## Records supplied
········
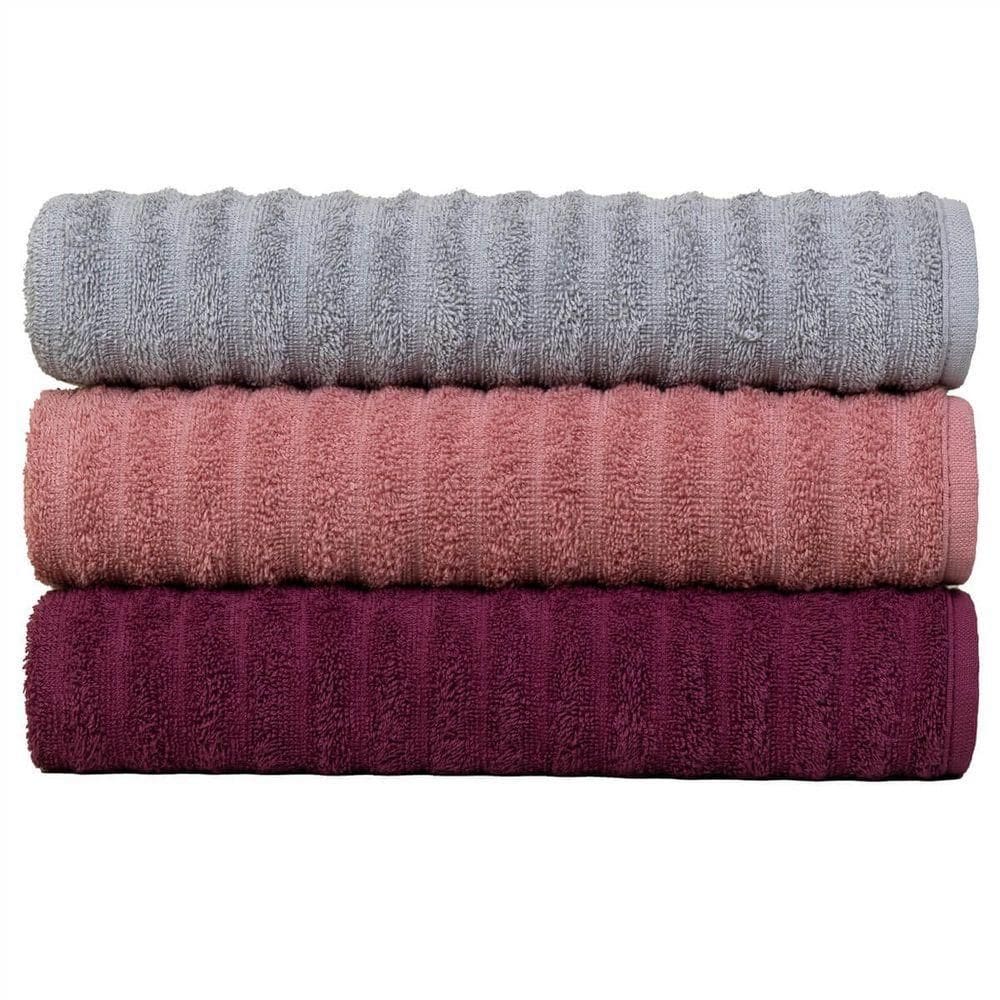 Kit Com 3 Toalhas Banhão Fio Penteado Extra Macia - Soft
········
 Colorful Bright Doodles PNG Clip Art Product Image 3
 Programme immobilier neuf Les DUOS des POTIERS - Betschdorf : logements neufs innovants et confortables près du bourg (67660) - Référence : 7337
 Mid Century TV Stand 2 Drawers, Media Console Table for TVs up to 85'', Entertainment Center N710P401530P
········
## About this task
With the line holding "Colorful Bright Doodles" as the first and the line holding "Mid Century TV" as the last, please transcribe exactly the lines of the material above in that range and nothing else.

## Reply to the exercise
 Colorful Bright Doodles PNG Clip Art Product Image 3
 Programme immobilier neuf Les DUOS des POTIERS - Betschdorf : logements neufs innovants et confortables près du bourg (67660) - Référence : 7337
 Mid Century TV Stand 2 Drawers, Media Console Table for TVs up to 85'', Entertainment Center N710P401530P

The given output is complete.